Copy, from the material below, each line that contains the word "Apartament".

========

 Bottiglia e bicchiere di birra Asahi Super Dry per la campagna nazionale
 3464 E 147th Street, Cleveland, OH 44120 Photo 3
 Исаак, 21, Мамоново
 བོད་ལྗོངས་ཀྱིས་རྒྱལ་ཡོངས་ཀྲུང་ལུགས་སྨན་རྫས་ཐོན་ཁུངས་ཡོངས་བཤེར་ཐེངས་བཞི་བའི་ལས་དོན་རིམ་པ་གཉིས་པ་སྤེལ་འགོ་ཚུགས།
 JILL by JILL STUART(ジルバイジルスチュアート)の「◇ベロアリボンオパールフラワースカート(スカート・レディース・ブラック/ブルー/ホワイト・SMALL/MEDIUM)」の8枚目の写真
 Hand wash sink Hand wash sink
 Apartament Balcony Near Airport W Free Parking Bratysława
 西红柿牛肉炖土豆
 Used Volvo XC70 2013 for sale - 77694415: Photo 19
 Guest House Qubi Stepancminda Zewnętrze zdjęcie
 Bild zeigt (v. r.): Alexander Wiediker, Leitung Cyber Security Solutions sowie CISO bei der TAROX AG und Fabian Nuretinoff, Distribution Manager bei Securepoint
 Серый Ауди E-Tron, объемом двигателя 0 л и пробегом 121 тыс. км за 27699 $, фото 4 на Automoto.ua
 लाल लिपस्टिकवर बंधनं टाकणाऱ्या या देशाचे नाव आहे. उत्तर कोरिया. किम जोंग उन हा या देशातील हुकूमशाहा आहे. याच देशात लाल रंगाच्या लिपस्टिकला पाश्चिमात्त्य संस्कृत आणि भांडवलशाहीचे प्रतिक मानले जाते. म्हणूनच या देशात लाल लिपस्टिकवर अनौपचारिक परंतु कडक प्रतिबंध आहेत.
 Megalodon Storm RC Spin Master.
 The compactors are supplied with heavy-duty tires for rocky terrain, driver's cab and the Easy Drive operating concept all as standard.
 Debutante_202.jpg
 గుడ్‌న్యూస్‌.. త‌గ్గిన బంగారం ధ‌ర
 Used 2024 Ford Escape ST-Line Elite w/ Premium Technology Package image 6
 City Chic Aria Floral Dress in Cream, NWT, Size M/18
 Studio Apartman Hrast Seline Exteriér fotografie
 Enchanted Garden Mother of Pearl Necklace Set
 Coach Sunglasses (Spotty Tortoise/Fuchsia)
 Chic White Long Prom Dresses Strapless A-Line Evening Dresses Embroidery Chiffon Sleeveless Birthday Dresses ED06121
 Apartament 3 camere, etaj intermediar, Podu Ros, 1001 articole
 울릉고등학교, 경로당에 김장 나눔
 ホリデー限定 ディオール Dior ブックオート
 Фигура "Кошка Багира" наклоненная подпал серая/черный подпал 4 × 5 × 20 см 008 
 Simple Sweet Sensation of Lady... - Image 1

========

• Response below:
 Apartament Balcony Near Airport W Free Parking Bratysława
 Apartament 3 camere, etaj intermediar, Podu Ros, 1001 articole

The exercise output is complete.